Click on 'Post New Thread' and you can create a new thread with your question. MANY people get hung up on the choice of a sub-forum to post their question in--DON'T worry about it. Very few people actually look in specific forums for specific topics and just use the 'Search' feature at the top of the Forums view to search ALL forums for their keywords or terms. And, the moderators don't enforce where any question is posted. So, if you could post in 'Power Generation' that would be great, but no matter where you post others will be able to see your questions and provide responses.

BEFORE you create your new thread, I want you to include the answers to these questions, please, so I don't have to type them again for you to answer them. (And, remember: The more information you provide in your original post the better the quality of the initial responses you will get....)

1) What alarms were annunciated when the machine transferred from Premix Steady State to Lean-Lean mode (if any)?

2) What alarms were present before the machine transferred combustion modes?

(PLEASE try and include this information if nothing else!)

3) What turbine control system is in use on the machine?

4) Was Base Load selected and active when this happened, or was Pre-Select Load being used?

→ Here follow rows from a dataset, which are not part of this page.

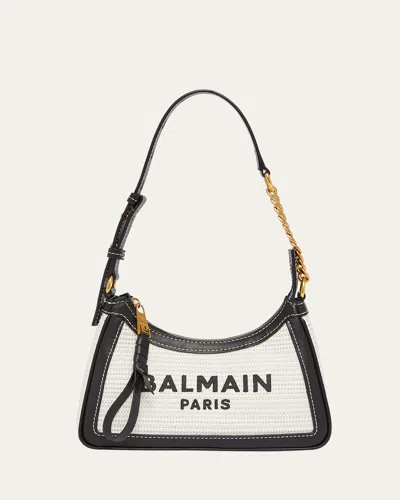 Balmain B-army Shoulder Bag In Raffia And Leather In Kaki/noir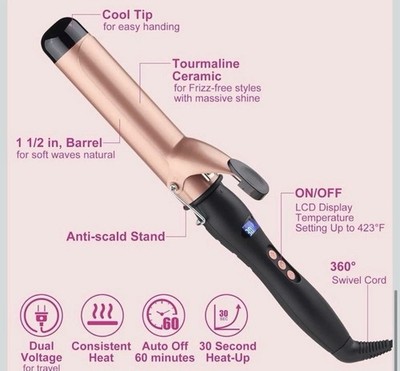 Lockenstab Stabzange 38 mm großer Schaft Lockenwickler für langes & mittleres Haar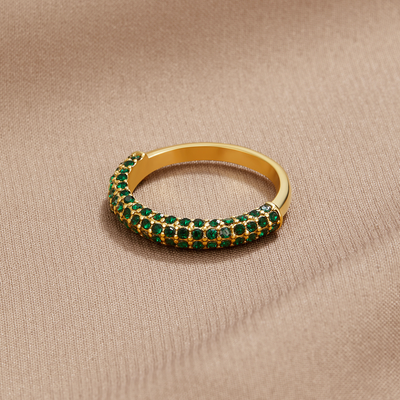 Emerald Crystal & Gold Ring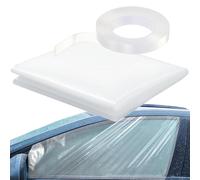 Cubierta para ventana de coche rota, envoltura transparente de PVC, protección de ventana con cinta de doble cara, 31 pulgadas x 4 pies, para vehículos dañados, remolques, tractores, SUV, RV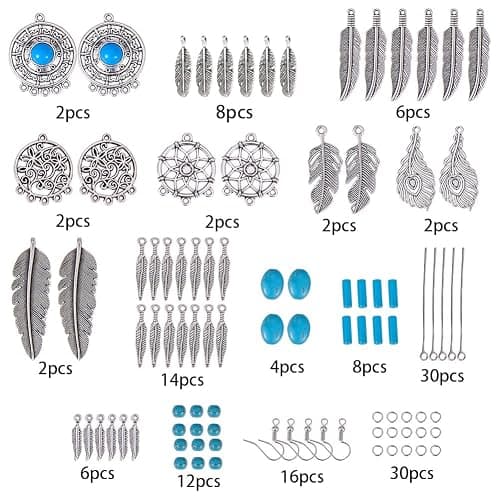 SUNNYCLUE 1 Box DIY 8 Pairs Bohemian Feather Dream Catcher Earring Making Starter Kit with Dream Catcher Feather Charm Connector, Turquoise Gemstone Beads, Earring Hooks Jewelry Supplies, Instruction thumbnail 3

5) Was the frequency of the system the machine was synchronized to stable at the time of the transfer or was it oscillating (meaning the load of the machine and the machine speed was also fluctuating)? (I presume the machine is synchronized to a grid or power system with other machines, if not, please describe the condition the machine was/is operating in--Part Load, Droop Speed Control, External Load Control, Pre-Selected Load Control, Base Load, etc.)

6) Are the exhaust temperature spreads higher than normal (and what are TTXSP1 and TTXSP1 and TTXSPL; again, I presume you are using a GE Mark* turbine control system)?

7) When was the last time the DLN system was tuned, and what was the ambient temperature (approximately) when it was being tuned?

8) Was the gas fuel supply pressure stable and at or near normal when the combustion mode transfer occurred, or was the gas fuel pressure low and/or the pressure was fluctuating, and if it was fluctuating, how much was it fluctuating?

9) Does the machine have any type of inlet air cooling (for example, evaporative cooling, or???), and was it working (and working properly) at the time?

10) How long since the last schedule maintenance outage, and which outage was it (Combustion Inspection; Hot Gas Path Inspection; Major Inspection)?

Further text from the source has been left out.